* **Problem to solve**: For the string "Drive", search the entries below and copy every line where it appears.

━━━━━ Given records

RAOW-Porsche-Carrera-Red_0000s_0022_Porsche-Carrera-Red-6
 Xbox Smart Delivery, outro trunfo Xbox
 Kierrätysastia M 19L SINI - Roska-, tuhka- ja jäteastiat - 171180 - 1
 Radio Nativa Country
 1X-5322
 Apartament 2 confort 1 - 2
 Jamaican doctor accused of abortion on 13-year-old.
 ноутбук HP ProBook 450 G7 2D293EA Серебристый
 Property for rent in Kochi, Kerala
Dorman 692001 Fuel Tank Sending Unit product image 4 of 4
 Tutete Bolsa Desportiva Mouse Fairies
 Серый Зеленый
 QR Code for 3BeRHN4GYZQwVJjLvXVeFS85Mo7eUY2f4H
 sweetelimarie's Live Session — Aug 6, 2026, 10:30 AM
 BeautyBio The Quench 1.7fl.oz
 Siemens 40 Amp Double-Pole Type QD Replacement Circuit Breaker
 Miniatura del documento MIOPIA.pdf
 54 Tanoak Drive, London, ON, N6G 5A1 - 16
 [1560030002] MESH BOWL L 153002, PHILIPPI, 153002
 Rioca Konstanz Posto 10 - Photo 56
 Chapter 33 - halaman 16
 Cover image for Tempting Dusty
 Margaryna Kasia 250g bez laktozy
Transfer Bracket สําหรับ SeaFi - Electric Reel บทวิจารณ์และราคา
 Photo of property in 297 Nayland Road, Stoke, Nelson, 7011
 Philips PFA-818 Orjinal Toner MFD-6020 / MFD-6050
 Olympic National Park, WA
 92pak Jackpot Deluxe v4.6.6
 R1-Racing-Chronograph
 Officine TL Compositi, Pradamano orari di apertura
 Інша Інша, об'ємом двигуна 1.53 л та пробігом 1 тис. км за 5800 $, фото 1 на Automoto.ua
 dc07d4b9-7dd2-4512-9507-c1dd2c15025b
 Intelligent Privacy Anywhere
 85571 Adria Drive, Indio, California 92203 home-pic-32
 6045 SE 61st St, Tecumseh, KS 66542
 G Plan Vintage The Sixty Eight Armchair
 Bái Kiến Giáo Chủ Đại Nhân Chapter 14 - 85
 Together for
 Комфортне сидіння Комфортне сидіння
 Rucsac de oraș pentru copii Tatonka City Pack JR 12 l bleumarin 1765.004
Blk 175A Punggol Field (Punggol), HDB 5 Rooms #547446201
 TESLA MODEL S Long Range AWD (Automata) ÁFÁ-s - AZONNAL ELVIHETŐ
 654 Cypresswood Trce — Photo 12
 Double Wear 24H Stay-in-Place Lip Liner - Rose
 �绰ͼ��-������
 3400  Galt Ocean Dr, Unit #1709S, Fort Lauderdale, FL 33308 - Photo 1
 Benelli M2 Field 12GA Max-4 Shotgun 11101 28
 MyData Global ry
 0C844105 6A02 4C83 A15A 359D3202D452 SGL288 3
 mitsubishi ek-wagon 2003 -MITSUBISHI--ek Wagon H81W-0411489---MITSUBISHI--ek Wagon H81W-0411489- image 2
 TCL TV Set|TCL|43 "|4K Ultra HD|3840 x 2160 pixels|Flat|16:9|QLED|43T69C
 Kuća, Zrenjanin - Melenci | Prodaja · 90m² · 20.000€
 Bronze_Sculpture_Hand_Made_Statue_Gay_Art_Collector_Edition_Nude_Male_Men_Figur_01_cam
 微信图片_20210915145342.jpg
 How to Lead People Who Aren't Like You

━━━━━━━━━━

* **Final answer**:
 54 Tanoak Drive, London, ON, N6G 5A1 - 16
 85571 Adria Drive, Indio, California 92203 home-pic-32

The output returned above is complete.